(AVAILABLE DATA Opens)

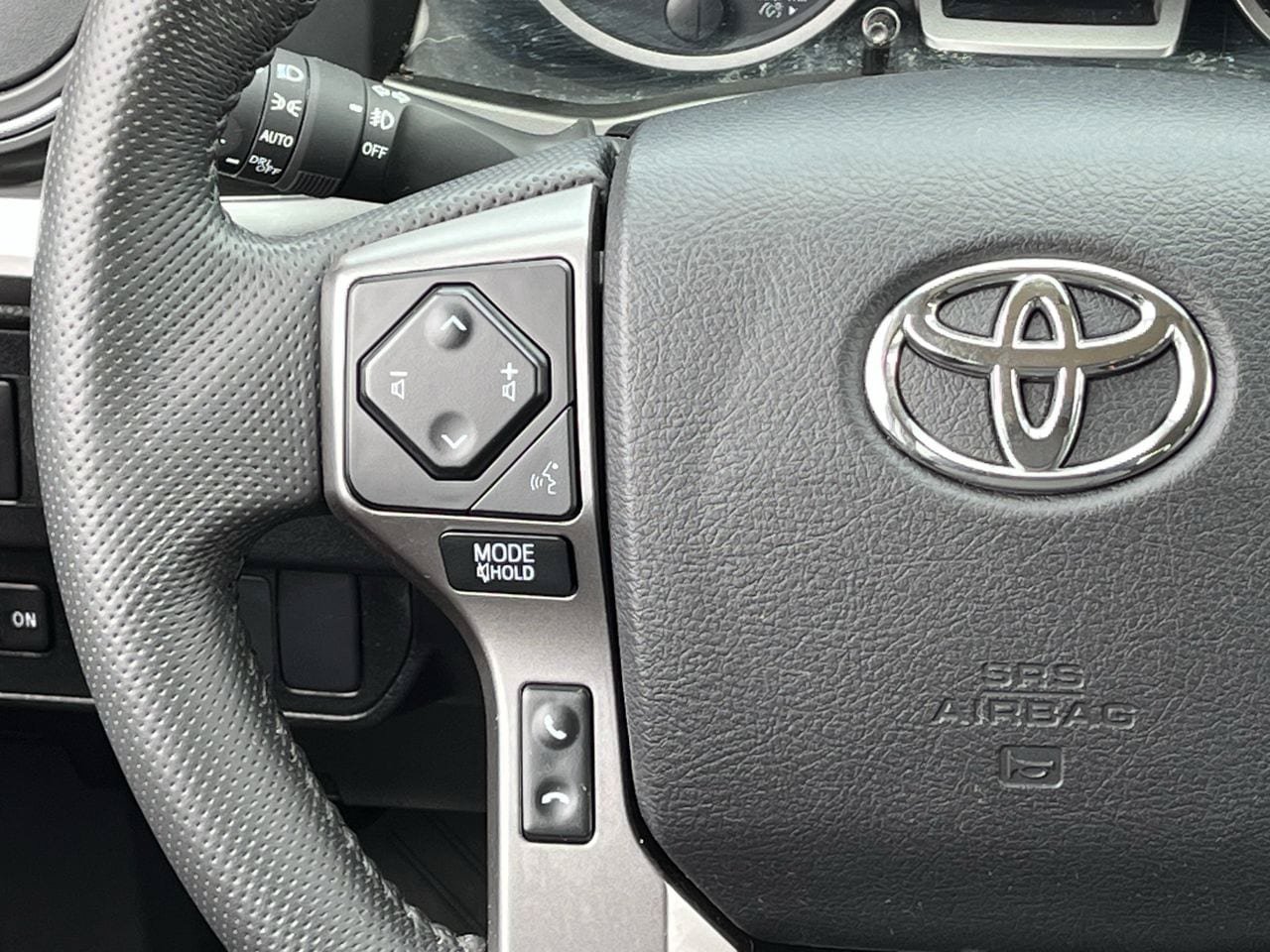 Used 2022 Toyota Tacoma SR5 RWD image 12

(AVAILABLE DATA Closes)
(AVAILABLE DATA Opens)

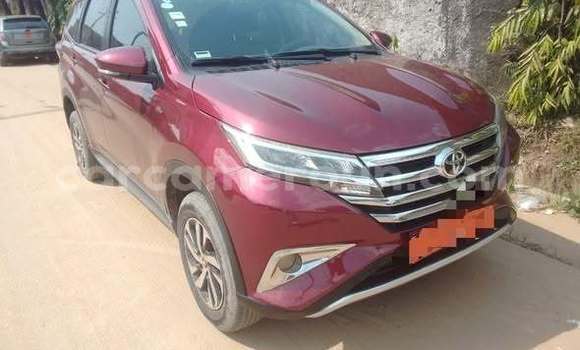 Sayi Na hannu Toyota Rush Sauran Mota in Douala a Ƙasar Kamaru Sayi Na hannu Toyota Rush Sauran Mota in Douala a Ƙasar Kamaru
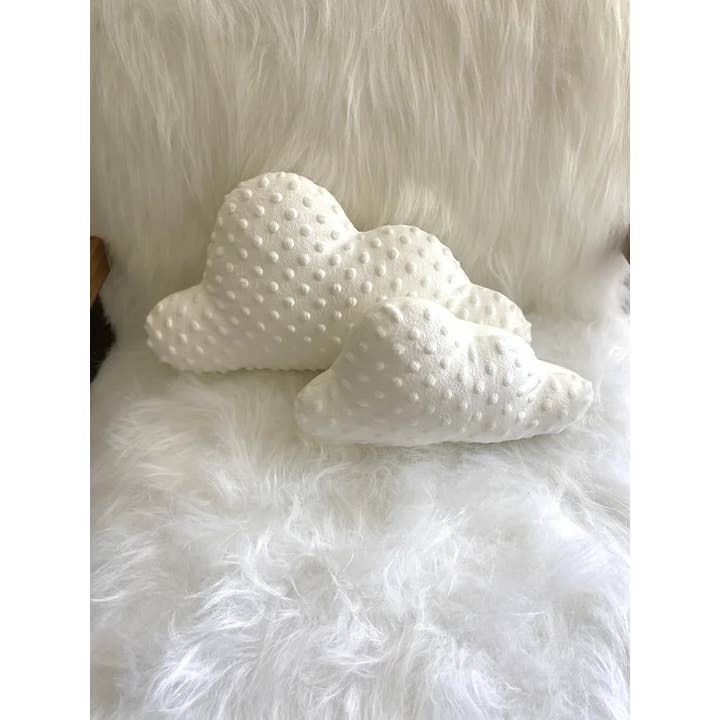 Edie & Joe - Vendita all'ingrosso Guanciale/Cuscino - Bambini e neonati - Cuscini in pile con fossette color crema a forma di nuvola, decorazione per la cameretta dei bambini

(AVAILABLE DATA Closes)

**EXERCISE PROMPT:** After locating "Ƙasar Kamaru Sayi" and "Edie & Joe - Vendita" in the records above, return exactly the line holding each one and every line between them; leave out the pictures.

**ANSWER TO THIS PROBLEM:**
 Sayi Na hannu Toyota Rush Sauran Mota in Douala a Ƙasar Kamaru Sayi Na hannu Toyota Rush Sauran Mota in Douala a Ƙasar Kamaru
 Edie & Joe - Vendita all'ingrosso Guanciale/Cuscino - Bambini e neonati - Cuscini in pile con fossette color crema a forma di nuvola, decorazione per la cameretta dei bambini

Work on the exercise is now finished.